*** Dataset records Section Begins ***

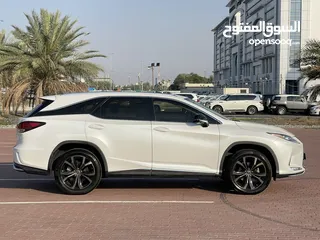  6 لكزس الدفع الرباعي RX350 L 2020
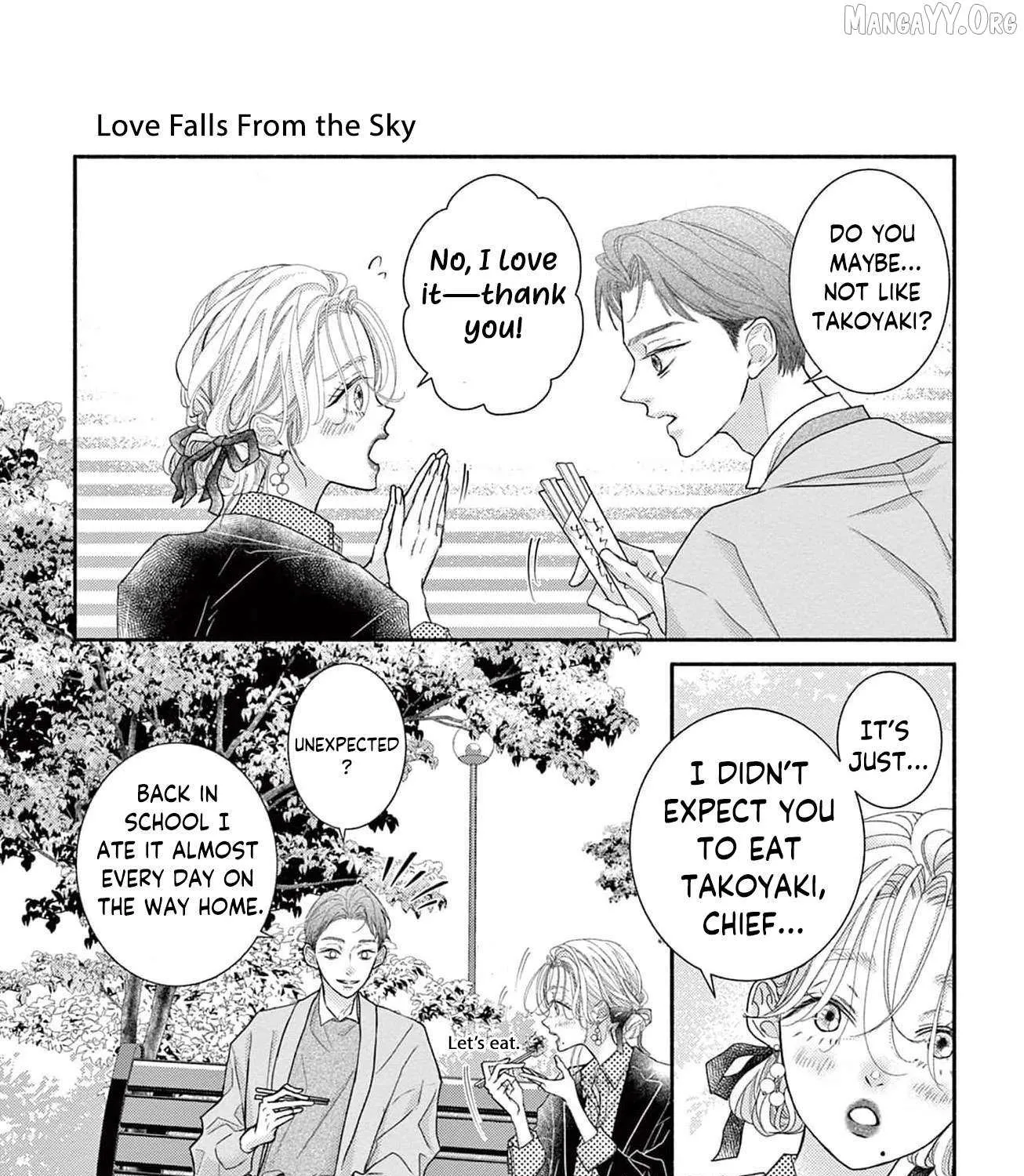 Love Falls from the Sky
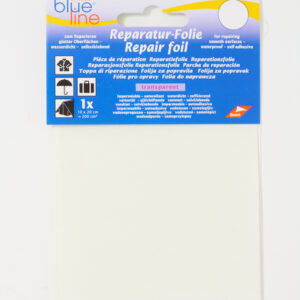 Reparationsfolie som förstärker och lagar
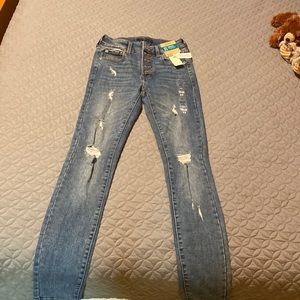 Dark washed Jeans skinny Highrise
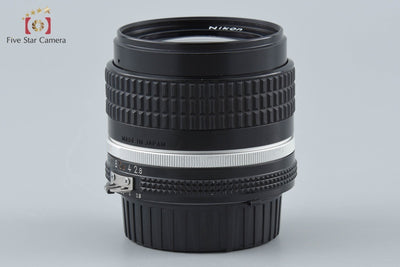 【中古】Nikon ニコン Ai-S NIKKOR 28mm f/2.8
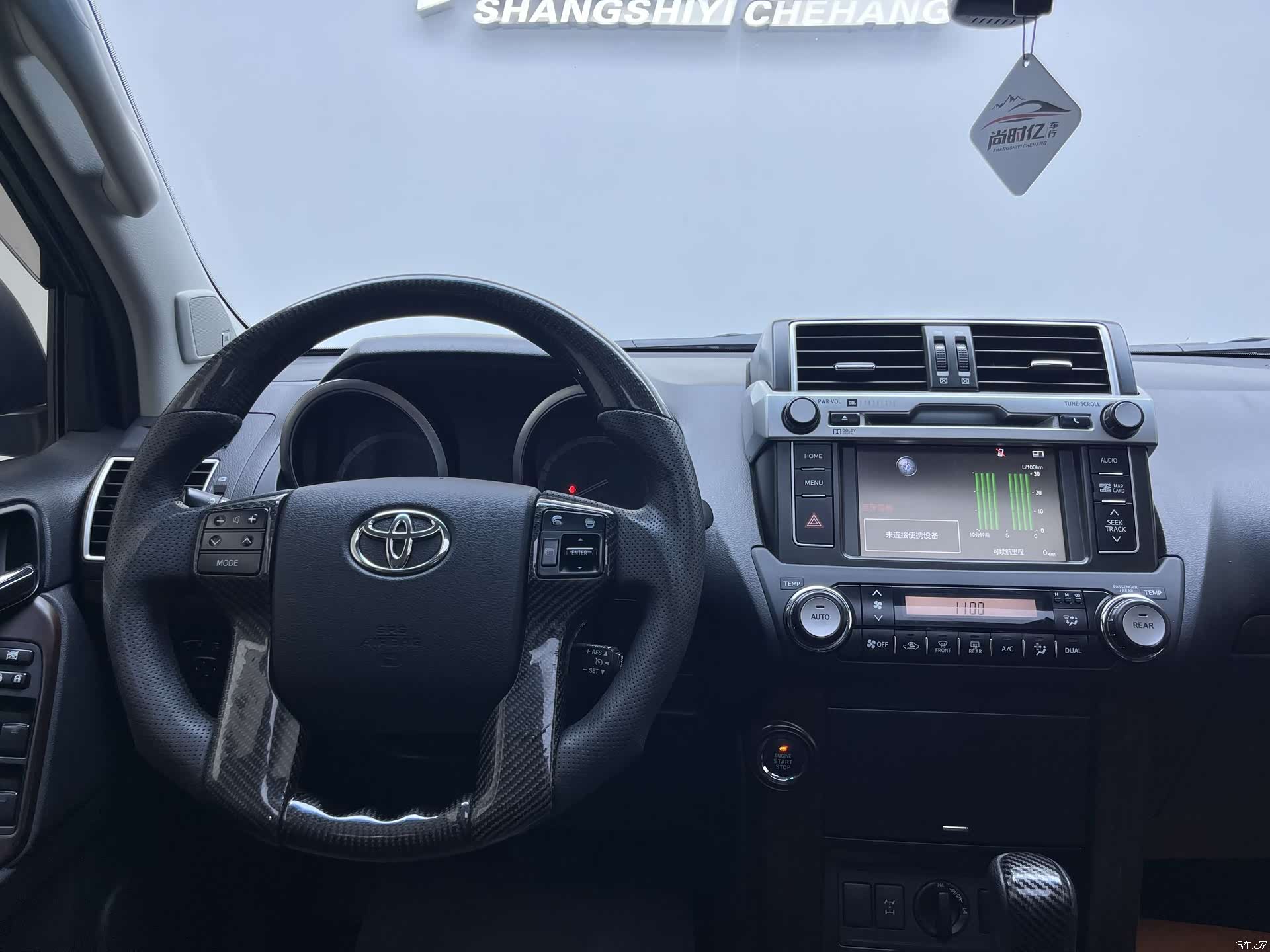 Toyota Prado, 2017 18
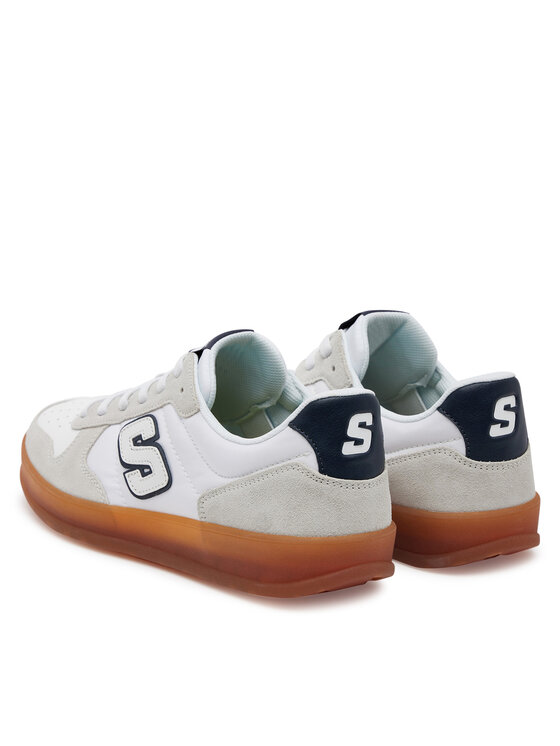 Skechers Skechers Сникърси New Wave Cup-Calven 210961/OFWT Бял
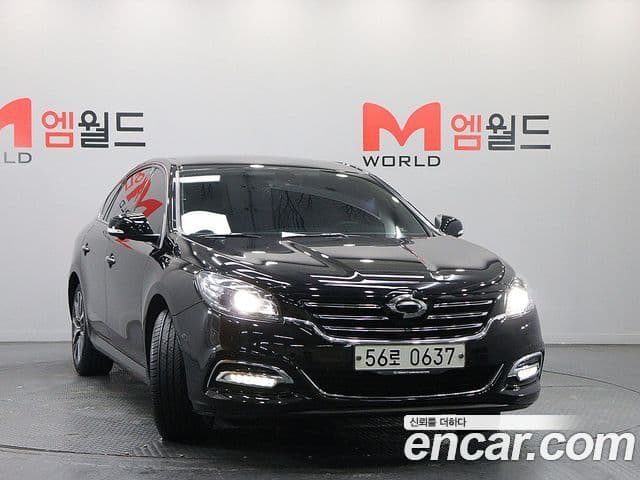 Renault Korea(Samsung) SM7 Nova LPLI 2.0 LPe для людей с инвалидностью, 2017 3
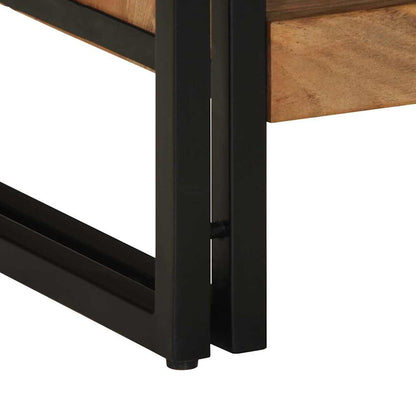 vidaXL Coffee Table 70x50x38 cm Solid Wood Acacia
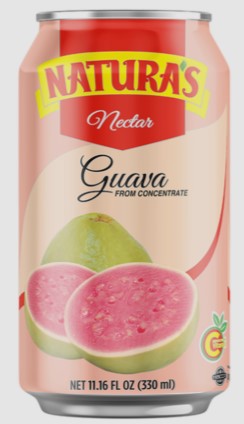 Natura´S Guava Nectar 11,6oz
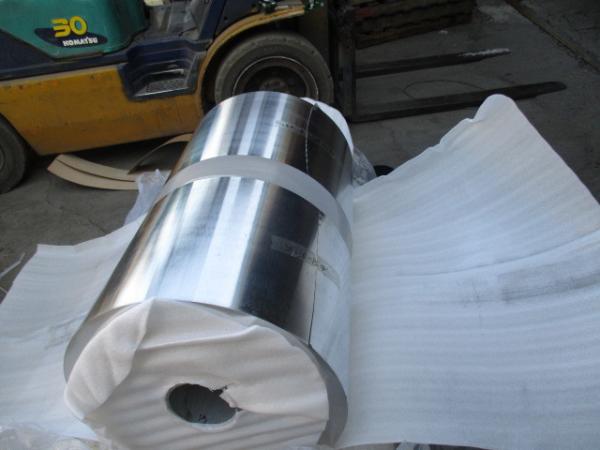 Buy cheap 0.105MM Thickness Aluminium Fin Stock Mill Finish For Heat Exchanger / Evaporator from wholesalers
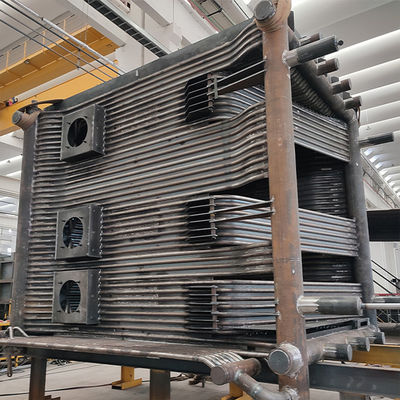 Innovación en la estructura anti fatiga de la caldera de tubos de esquina con tecnología de secado en dos etapas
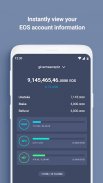 EOStart - wallet for EOS screenshot 3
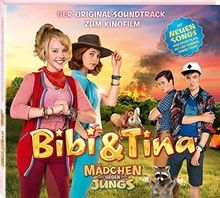 Soundtrack zum 3. Kinofilm Mädchen gegen Jungs von Bibi und Tina | CD | Zustand gut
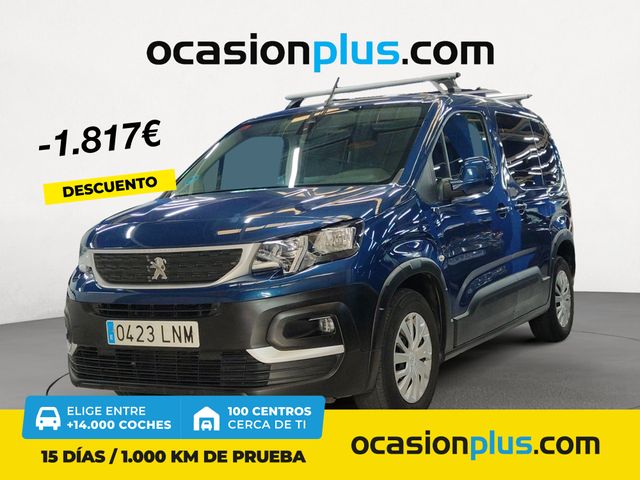 Peugeot Rifter BlueHDi 100 Active Pack Standard 73 kW (100 CV)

*** Dataset records Section Ends ***

Requirement> Write out each entry above once more, exactly as written, and drop the pictures.

Answer space>
  6 لكزس الدفع الرباعي RX350 L 2020
 Love Falls from the Sky
 Reparationsfolie som förstärker och lagar
 Dark washed Jeans skinny Highrise
 【中古】Nikon ニコン Ai-S NIKKOR 28mm f/2.8
 Toyota Prado, 2017 18
 Skechers Skechers Сникърси New Wave Cup-Calven 210961/OFWT Бял
 Renault Korea(Samsung) SM7 Nova LPLI 2.0 LPe для людей с инвалидностью, 2017 3
 vidaXL Coffee Table 70x50x38 cm Solid Wood Acacia
 Natura´S Guava Nectar 11,6oz
 Buy cheap 0.105MM Thickness Aluminium Fin Stock Mill Finish For Heat Exchanger / Evaporator from wholesalers
 Innovación en la estructura anti fatiga de la caldera de tubos de esquina con tecnología de secado en dos etapas
 EOStart - wallet for EOS screenshot 3
 Soundtrack zum 3. Kinofilm Mädchen gegen Jungs von Bibi und Tina | CD | Zustand gut
 Peugeot Rifter BlueHDi 100 Active Pack Standard 73 kW (100 CV)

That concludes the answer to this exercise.